● **ABOUT THIS TASK**: Leave the pictures aside and copy all the data exactly.

● **SUPPLIED DATA**:
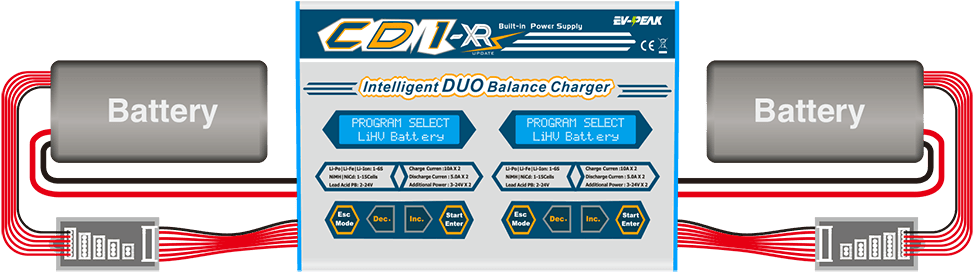 Ev Peak Cd1 Xr 10a Rc Balance Charger Twin Charger - Graphic Design Clipart (1000x309), Png Download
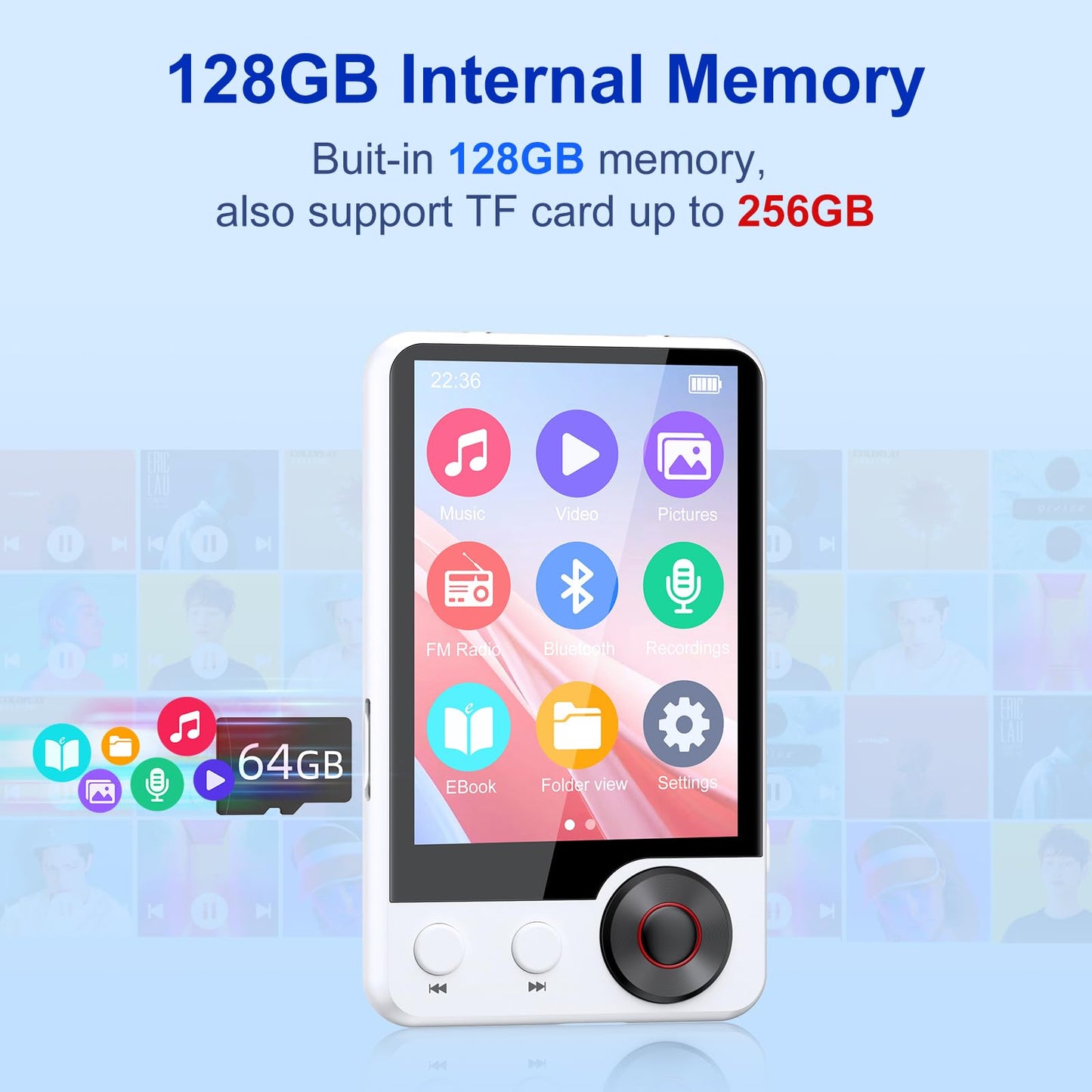 128GB MP3 player with Bluetooth 5.3, 2.4" touchscreen, HiFi digital audio music player with dual headphone jacks, built-in HD speaker, voice recorder, FM radio, supports up to 128GB.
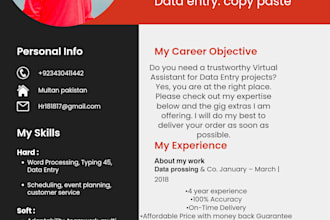 create any type of data entry copy paste work in just 5 dollor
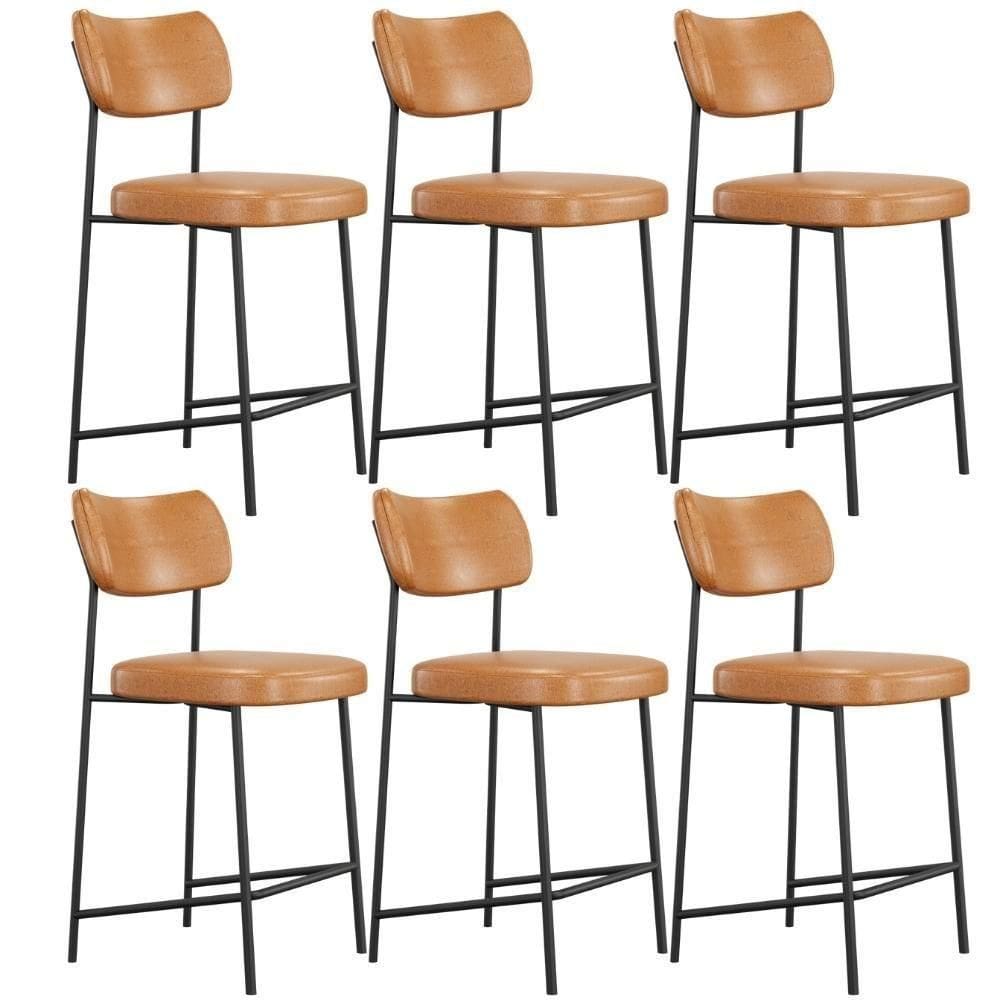 Kit 06 Banquetas Baixa Bar Cozinha Sala De Jantar Preto Melina L02 Couríssimo Whisky - Lyam Decor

● **ANSWER TO THIS TASK**:
 Ev Peak Cd1 Xr 10a Rc Balance Charger Twin Charger - Graphic Design Clipart (1000x309), Png Download
 128GB MP3 player with Bluetooth 5.3, 2.4" touchscreen, HiFi digital audio music player with dual headphone jacks, built-in HD speaker, voice recorder, FM radio, supports up to 128GB.
 create any type of data entry copy paste work in just 5 dollor
 Kit 06 Banquetas Baixa Bar Cozinha Sala De Jantar Preto Melina L02 Couríssimo Whisky - Lyam Decor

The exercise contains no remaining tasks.